History

United States
- Name: Alabama
- Owner: The Black Dog Tall Ships
- Operator: Captain Jamie Douglas
- Route: Southwestern New England, Vineyard Sound
- Completed: 1926
- Identification: MMSI number: 367315780; Callsign: WDD9744;
- Status: Active

General characteristics
- Class & type: A
- Tonnage: 70 gross, 35 net
- Displacement: 150 tons
- Length: 90 ft (27 m)
- Beam: 21 ft (6.4 m)
- Height: 94 ft (29 m)
- Draft: 12 ft 6 in (3.81 m)
- Decks: Yellow Pine
- Installed power: Two Detroit 6-71 diesel engines
- Propulsion: Auxiliary sail
- Sail plan: Gaff Rigged Fore and Aft Schooner
- Speed: 11.5 knots (21.3 km/h).
- Capacity: 49 day, 27 overnight
- Crew: 5

= Alabama (schooner) =

Alabama is a Gloucester (Massachusetts) fishing schooner that was built in 1926 and was the pilot boat for Mobile, Alabama. The Alabama's home port is Vineyard Haven, Martha's Vineyard, Massachusetts. It is owned by The Black Dog Tall Ships, along with the Shenandoah, and offers cruises of Nantucket Sound.

==History==
The schooner Alabama was one of the last vessels built from the design of one of the most notable designers of Gloucester fishing schooners, Thomas F. McManus. Commissioned by the Mobile Bar Pilot Association of Mobile, Alabama, the vessel was built in Pensacola, Florida, launched in 1926, and originally called Alabamian until her predecessor, the Bar Pilot Association's original Alabama, was retired. Though the hull bore a strong resemblance to McManus' famous Gloucester fishing schooner designs, it as a pilot boat stationed on the Mobile Bar until 1966.

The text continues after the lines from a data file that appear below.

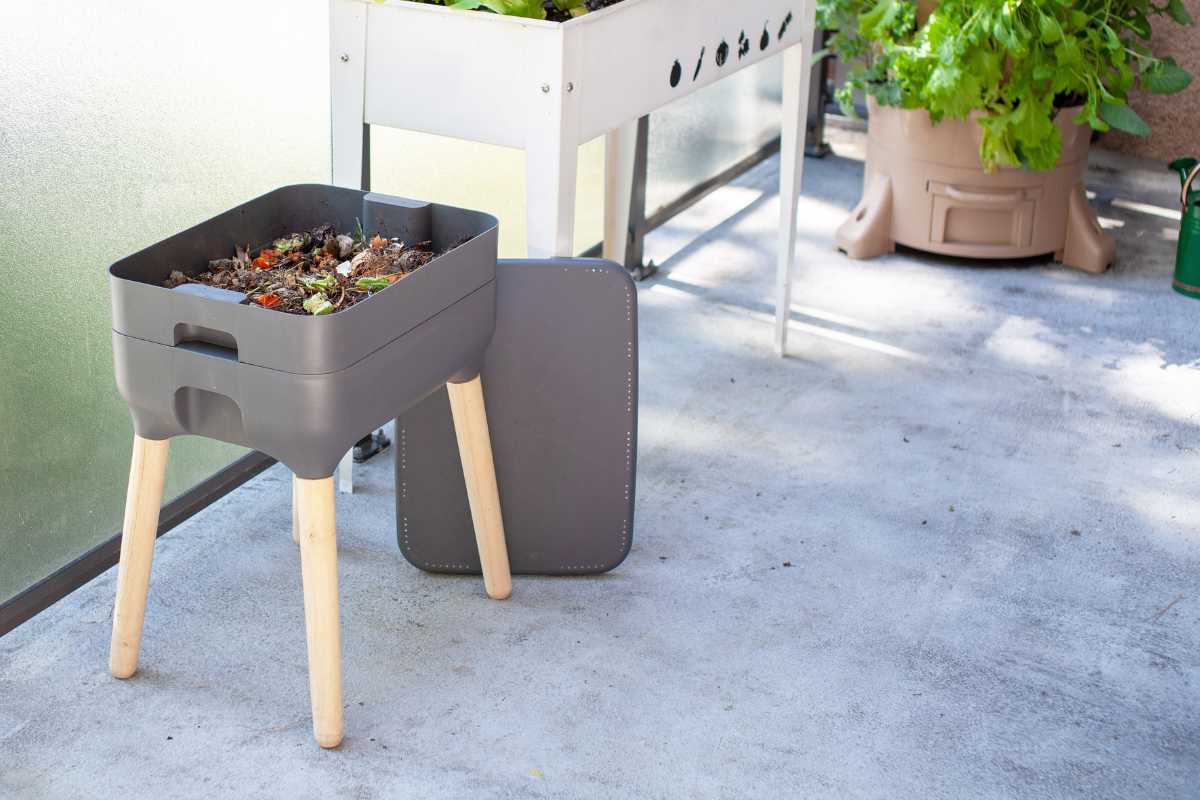 A gray, two-tiered worm composting bin with wooden legs stands on a gray patio. 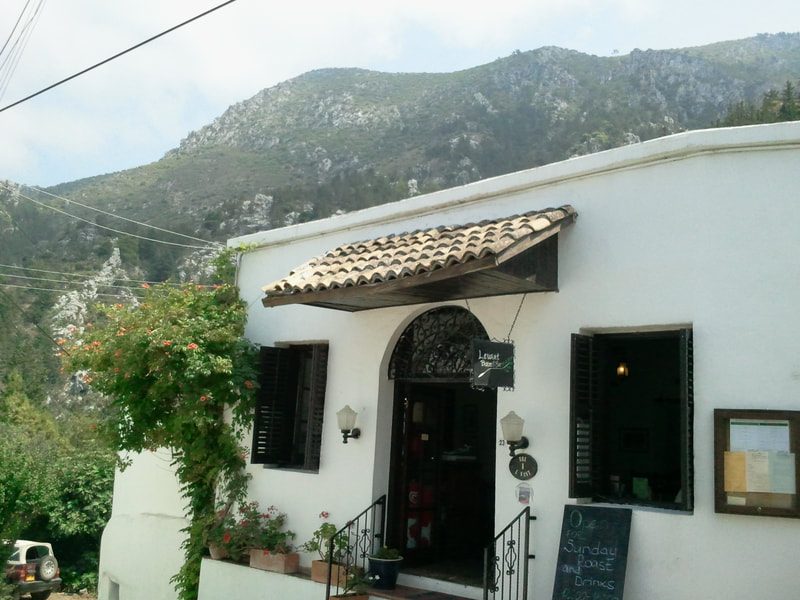 The restaurant in Karmi with the Five fingers mountain range in the background, Besparmak/ Pentadaktylos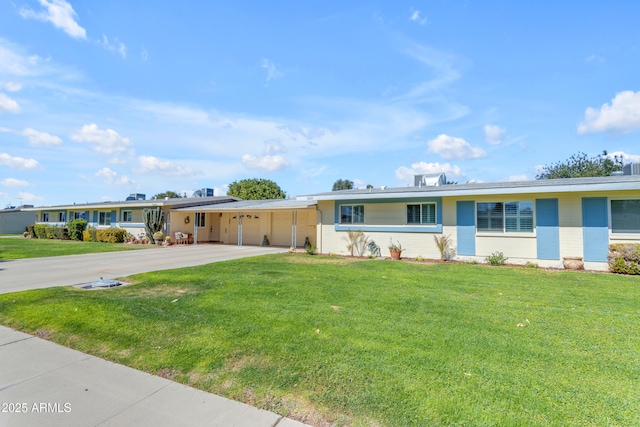 single story home with a garage, a front yard, concrete driveway, and brick siding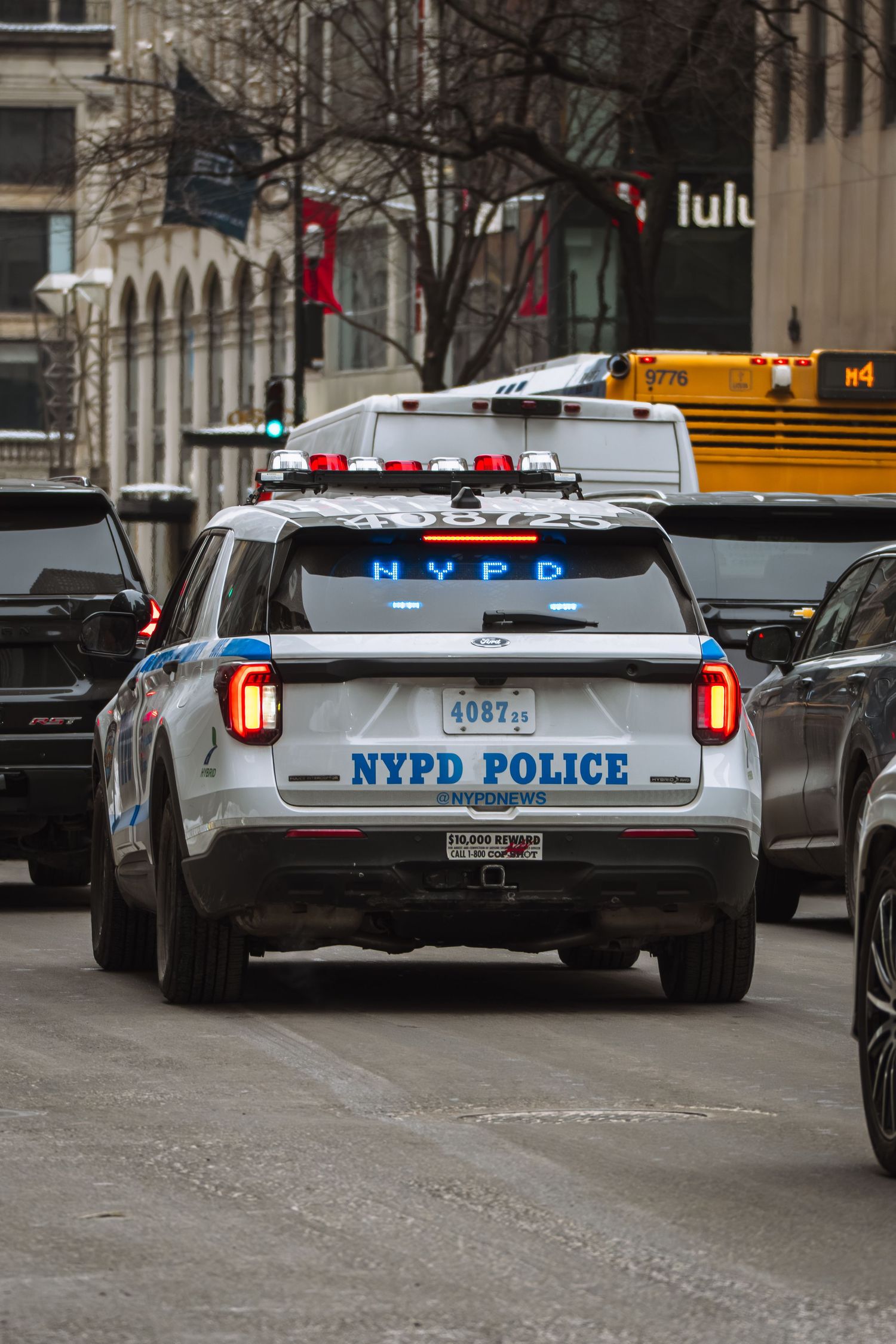 NYPD police SUV with flashing blue lights driving through midtown Manhattan traffic with a yellow school bus nearby.
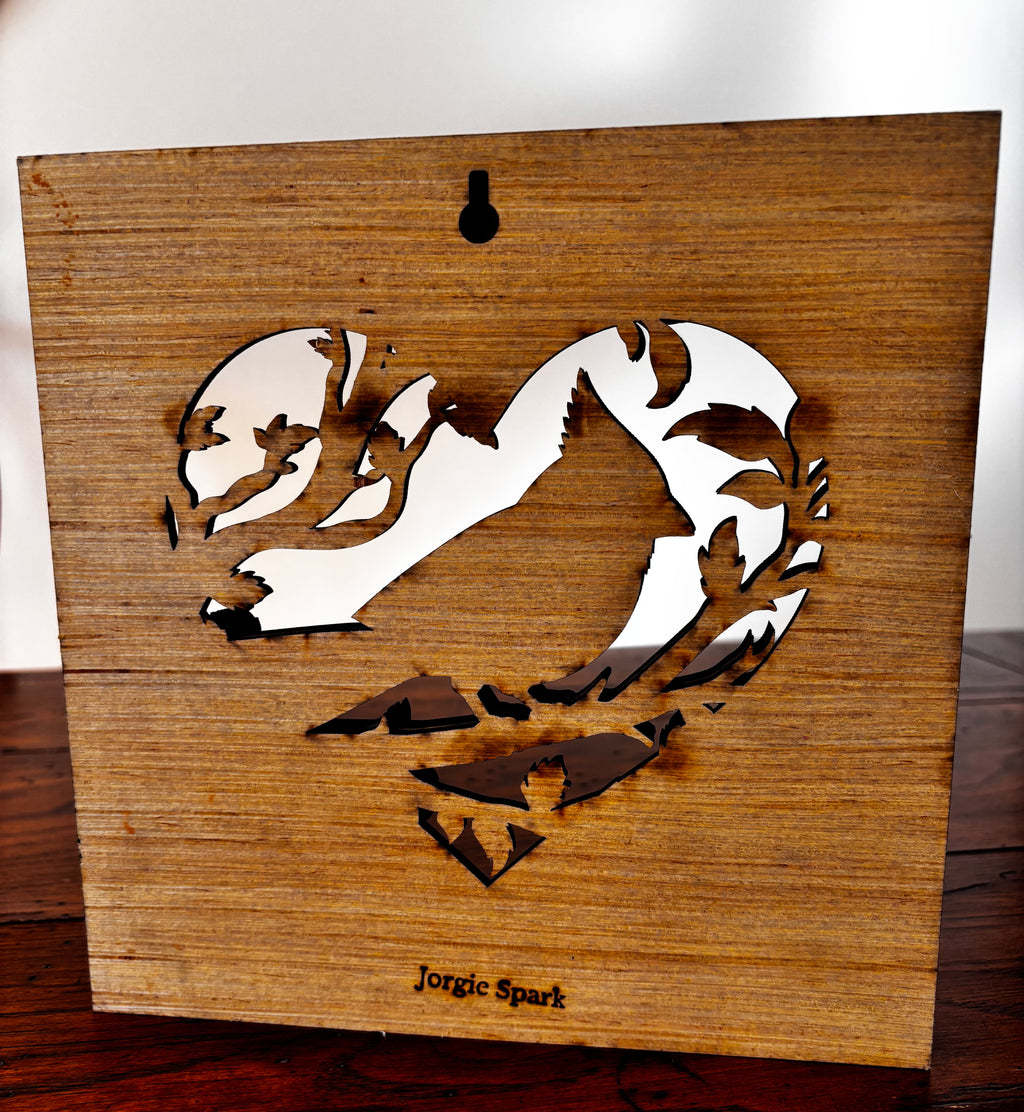 Back of the cardinal wood plaque showing the keyhole hanger, open heart design and Jorgie Spark maker’s mark.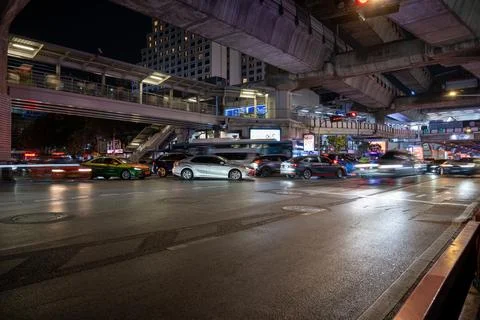 Bangkok Night Traffic Beneath Elevated Transit Infrastructure Stock Photos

In 1967, the schooner was bought by Captain Robert S. Douglas, master and designer of the Shenandoah, and moved to Vineyard Haven where she sat on a mooring with minimal necessary upkeep until 1994. In the early 1990s, with a dwindling market for windjammer cruises, which lack most modern amenities, children became the new direction for the Coastwise Packet Company, the original name of what is now also the Black Dog Tall Ships. Because of the success of these "kids' cruises" on board the Shenandoah, Alabama was rebuilt by the Five Corners Shipbuilding Company headed by Gary Maynard, a former first mate who sailed on the Shenandoah. Most of the work was done in Vineyard Haven with the vessel afloat on her mooring using Captain Douglas' own power tools and shop space. Any other work was done in Fairhaven, Massachusetts, at D.N. Kelly's shipyard.

The Alabama now flies the Douglas house flag and the Black Dog emblem from her lofty rig. As an ambassador for the Black Dog, as well as a platform for youngsters to experience life at sea, the vessel can be seen cruising the waters of southern New England during the summer and making occasional visits to towns with a maritime heritage in the shoulder season.

A Coast Guard boat crew safely transferred 17 passengers from the grounded Alabama near the mouth of the Mystic River, Connecticut, on Sunday evening, June 18, 2017. Around 6:15 pm, watchstanders at Coast Guard Sector Long Island Sound Command Center were notified that the 126-foot schooner, with 17 passengers and five crew aboard, had run aground near the mouth of the river. Sector Long Island Sound watchstanders launched a Coast Guard boat crew from Coast Guard Station New London and issued a safety marine information broadcast. The station boat crew arrived on scene and safely transferred the 17 passengers from the Alabama to Noank shipyard in Groton, Connecticut. Sector Long Island Sound marine investigators were scheduled to conduct an investigation to ensure the integrity of the vessel prior to the vessel operating again.

The Alabama was a regular participant in the annual Gloucester Schooner Festival.

== In popular culture ==
The Alabama played the seal-hunting schooner Ghost in the 2009 German miniseries Sea Wolf.

A season-seven episode of ZOOM took place on the schooner.